La nueva producción de Justin Way, que salta del anonimato de detrás de las bambalinas (es director de producción del Teatro Real desde hace años) a decidir cuanto acontece aquí sobre el escenario, parte una muy buena idea cuya plasmación se queda quizás a medio camino. Plantea un doble juego espaciotemporal en el que los protagonistas (excepto Pollione) tienen una doble vida: la de sus personajes y la de los cantantes que los encarnan en la Italia contemporánea de la creación de Norma. Galos y romanos conviven –o se confunden– con italianos y austríacos coetáneos de Bellini, con los roles invertidos, pero con idéntica dicotomía entre opresores y oprimidos. El libreto de Felice Romani, sin embargo, no permite grandes jeribeques psicológicos ni teatrales, por lo que la propuesta de Way acaba resultando elíptica, cuando no críptica. Funciona muy bien en la primera escena, cuando parecen acotarse tres espacios bien diferenciados: el teatro (el palco que acoge a Pollione y Flavio), el escenario en que se desarrolla la ficción y el proscenio como territorio intermedio. Que, en la segunda escena, el reverso de esa escenografía sea el espacio privado de los cantantes es un gran hallazgo, como lo es la convivencia de dos tipos de un (meta)vestuario decididamente paródico, pero cuando en el final del segundo acto va espesándose poco a poco el bosque primigenio (después de que un escenario vacío acogiera el trascendental dúo de Norma y Pollione) y desciende por fin el telón recogido del falso teatro, el palíndromo escenográfico, y el doble juego temporal, queda incompleto sin aquel palco inicial. Aun así, sacar tanto partido teatral de un título belcantista tiene un mérito enorme y refuerza la imposibilidad de un amor que ha de luchar no solo contra las convenciones, contra lo prohibido, sino también contra el tiempo entendido como –una vez más– doble concepto tanto histórico como filosófico.

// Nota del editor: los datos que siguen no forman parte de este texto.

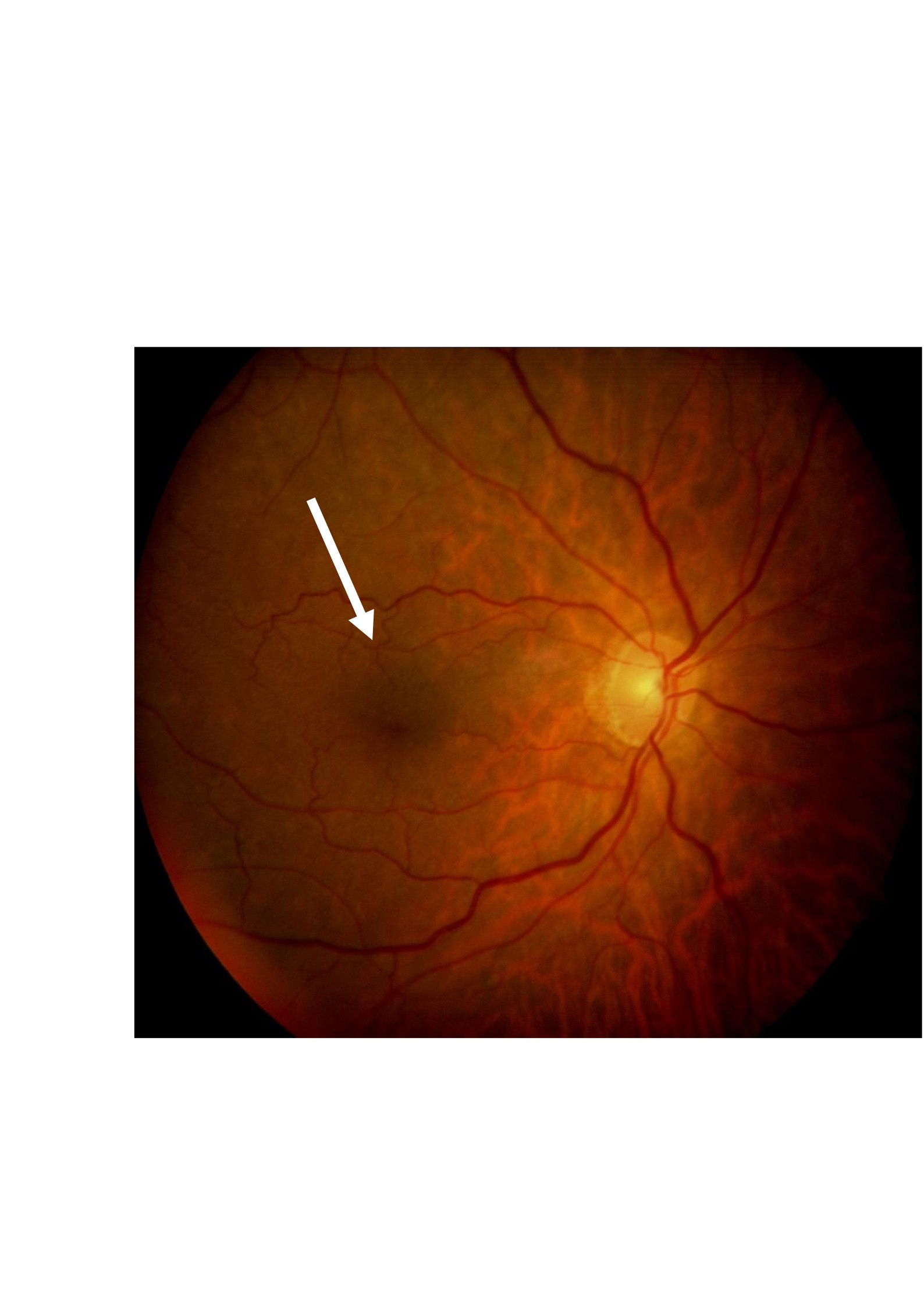 Nuestra experiencia en el tratamiento de la membrana epirretiniana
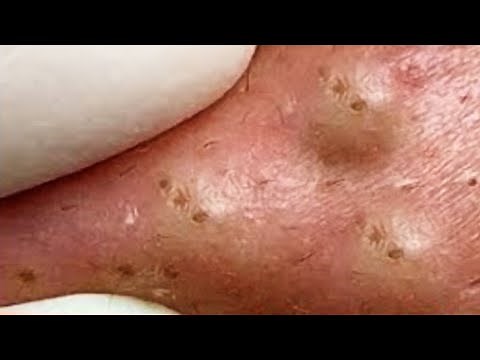 Extraction profonde des points noirs Acné kystique et popping #33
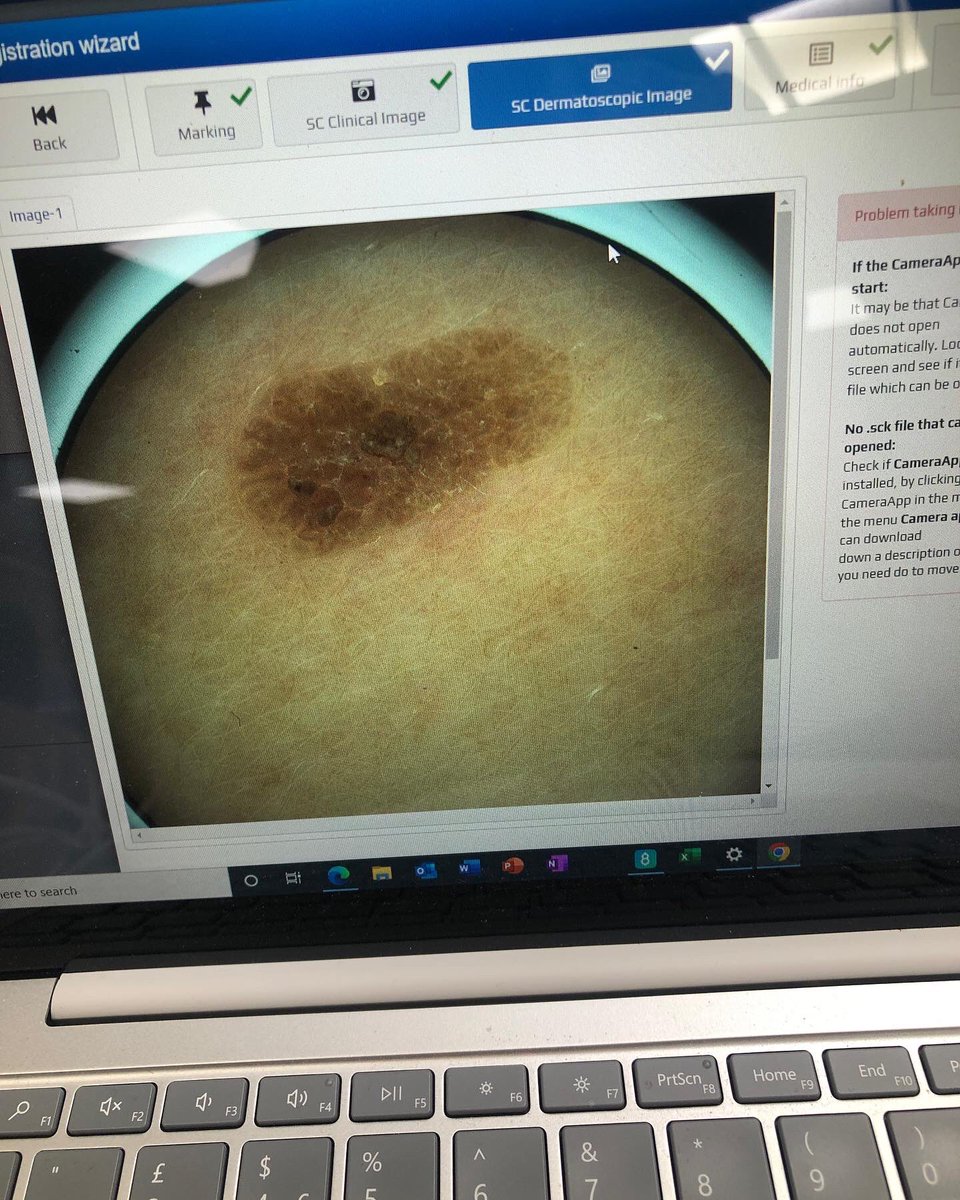ApexJacquie's tweet photo. Another day mole screening today at @GowerCollegeSwa as part of their staff wellbeing. Privileged to be invited back once again. Diolch. #staffwellbeing #molechecking #skincancerscreening https://t.co/ZHmqNZHm7g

Norma se repuso tras el fracaso del estreno, que tanto contrarió a Bellini (su juventud, confesó a su amigo Francesco Florimo, es lo que le daría “fuerza para vengarme de esta tremenda caída”) y se convirtió en el epítome del melodrama belcantista romántico. Nada menos que Arthur Schopenhauer eligió el dúo “Qual cor tradisti”, entre Norma y Pollione, muy cerca del final, y excelentemente cantado por Auyanet, “como el mejor ejemplo del efecto genuinamente trágico de la catástrofe, la resignación del héroe y la ulterior exaltación espiritual”. En los suplementos del tercer libro de El mundo como voluntad y representación se refiere a Norma como “una tragedia de extrema perfección, un verdadero modelo de la trágica disposición de los motivos, del progreso trágico de la acción y del trágico desenlace, junto con el efecto de todo ello en la manera de pensar de los héroes, que se eleva por encima del mundo y que se traspasa luego al espectador; de hecho, el efecto alcanzado aquí resulta tanto más natural y sencillo, y más característico de la verdadera naturaleza de la tragedia, cuanto que no aparecen en él cristianos o ni siquiera sentimientos cristianos”. Nadie debería perderse, por tanto, esta tragedia perfecta, preludio de la no menos consumada –esta sí, con elementos cristianos, o hipócritamente cristianos– que se abatirá el 13 de abril en el Teatro Real sobre el desdichado pescador Peter Grimes.